Methods and results: We selected M0 type and M1 type macrophages for sequencing and screened them for differentially expressed lncRNAs. We found that lncRNA 100911717 was upregulated in M1 type macrophages compared with M0 type and was also upregulated in MI heart tissues. Furthermore, we performed RNA pull-down and found the lncRNA LOC100911717 could interact with GPA43. In addition, we found that the expression of GAP43 was suppressed and the incidence of VAs was reduced after knockdown of lncRNA LOC100911717 in rat hearts with adeno-associated virus (AAV), as determined via immunofluorescence assays and programmed electrical stimulation. 
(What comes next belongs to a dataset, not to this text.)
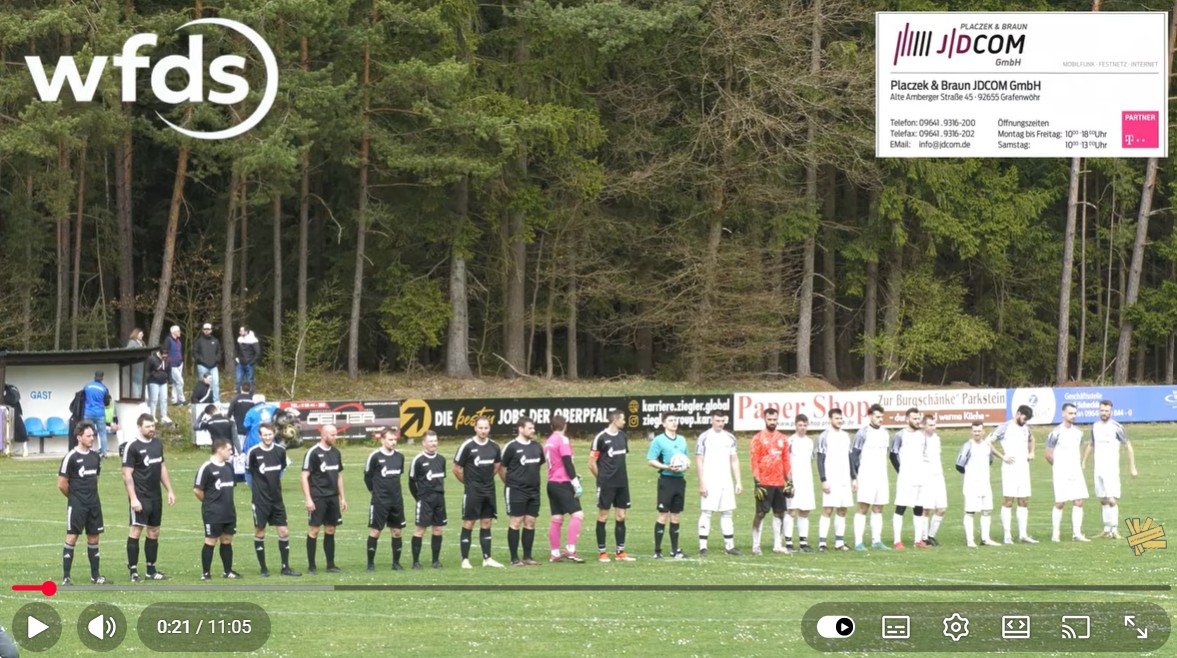 Mehr über den Artikel erfahren Videoaufzeichnung (Kreisklasse West, 23. Spieltag): SC Schwarzenbach – TSV Pressath 2-3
Conclusions: Our study may reveal a novel relationship between lncRNA LOC100911717 and GAP43. After MI, lncRNA LOC100911717 was up-regulated and enhanced the expression of GAP43 then increasing the sympathetic remodeling and VAs events. Silencing the lncRNA LOC100911717 could reduce the sympathetic remodeling and VAs.